Green Light For Cross-Border Power Line Between U.S. and Mexico
These mountains in Baja California may soon be covered with wind turbines | Photo: Hector Lecuanda/Flickr/Creative Commons License
The Department of Energy announced Friday that the Obama administration has given the go-ahead to connecting wind turbines in Baja to the U.S. grid. According to Friday's Federal Register, the administration has granted "a Presidential permit to Energía Sierra Juárez U.S. Transmission, LLC (ESJ), to construct, operate, maintain, and connect a double-circuit, 230,000-volt (230-kV) electric transmission line across the U.S.-Mexico border in eastern San Diego County, California." The line would be 1.7 miles long, less than a mile of which will be in the U.S.
The line would connect the Sunrise Powerlink to the Energía Sierra Juárez wind project near the town of La Rumorosa in northern Baja California. That project, owned by San Diego Gas and Electric's parent company Sempra, is slated to include an initial 52 wind turbines generating 156 megawatts of power for importation into the U.S.
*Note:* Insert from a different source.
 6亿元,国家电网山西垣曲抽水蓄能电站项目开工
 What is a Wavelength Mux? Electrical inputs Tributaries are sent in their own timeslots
The transmission project has raised opposition due to its contribution to the increasing industrialization of San Diego County's backcountry, but most opposition to date has been focused on the wind project to which the power line connects. The 2009 application for the Energía Sierra Juárez project to Mexico's environmental ministry, Secretaria de Medio Ambiente y Recursos Naturales described a proposed 700,000-acre footprint with 1,000 wind turbines each producing 1.25 megawatts and more than 500 miles of roads running among them. The Sierra Juárez mountains are considered a "sky island" in the northern Baja desert, with thick conifer forests and a high level of biodiversity.